Submitted by LT Russell J. Graham, USPHS
Since the inception of the reorganized Marine-Hospital Service in 1871, uniformed personnel of the Service were authorized to wear military decorations and awards they earned prior to entry into the Marine-Hospital Service. However, personnel of the Marine-Hospital Service, which was reorganized as the Public Health and Marine-Hospital Service, and later reorganized to the Service we know today as the U.S. Public Health Service, were not authorized to earn military awards and decorations while serving as officers of the “Commissioned Corps” (Corps). Many Corps officers have served in forward areas of battle ranging from the Battle of Manila Bay to the front lines in Europe during World War I, but none were authorized to receive any military awards or decorations from the War Department or U.S. allies. However, several Corps officers distinguished themselves in these trying times and were recognized by foreign governments. Many foreign governments bestowed honorary knighthoods on Corps officers; however, upon return to the United States, many of these knighthoods (including the titles) and decorations associated with these highest of foreign honors were confiscated by the State Department.

It was not until World War II that outcry about recognition of the achievements of Corps officers came from the U.S. Army of all places. In 1943, the Army petitioned a rather stunned Surgeon General Thomas Parran, Jr., who believed up to that point that Corps officers did not deserve military decorations, nor was he completely convinced that the Corps should be militarized.
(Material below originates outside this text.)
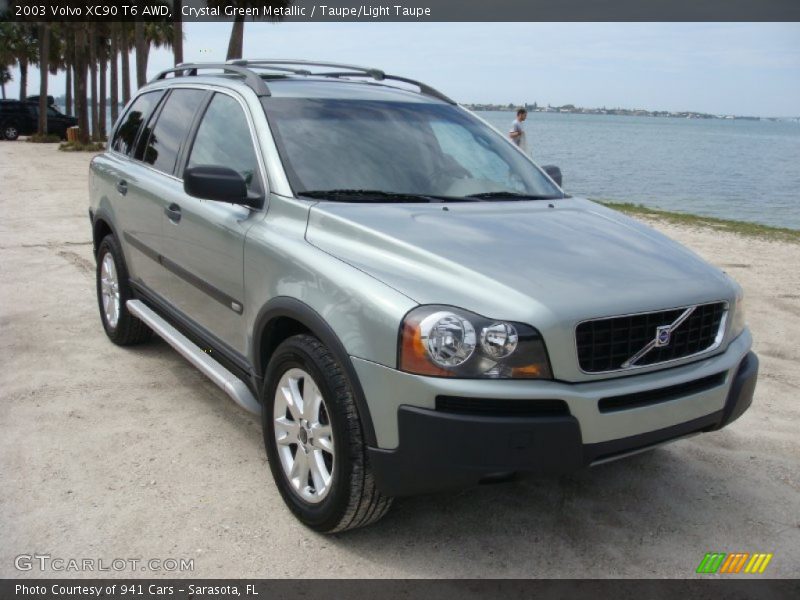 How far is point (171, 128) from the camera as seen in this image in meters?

Colonel W. Lee Hart of the Army Medical Corps argued that “Public Health officers are assigned to the service with both the Army and Navy in time of national emergency, and function as an integral part of the organization to which they are assigned. Would it not therefore be proper that they should be entitled to such decorations and service medals as are authorized for the officers of the service to which they are assigned?” Colonel Hart was indeed successful in his argument for including Corps officers, as Surgeon General Parran was successful in securing wording in legislation and an Executive Order to allow Corps officers to receive military decorations. This action by Surgeon General Parran later paved the way to allow Corps officers assigned to the Department of Defense to receive military decorations and it ultimately lead to the establishment of the Public Health Service awards program, which was established in the 1960s.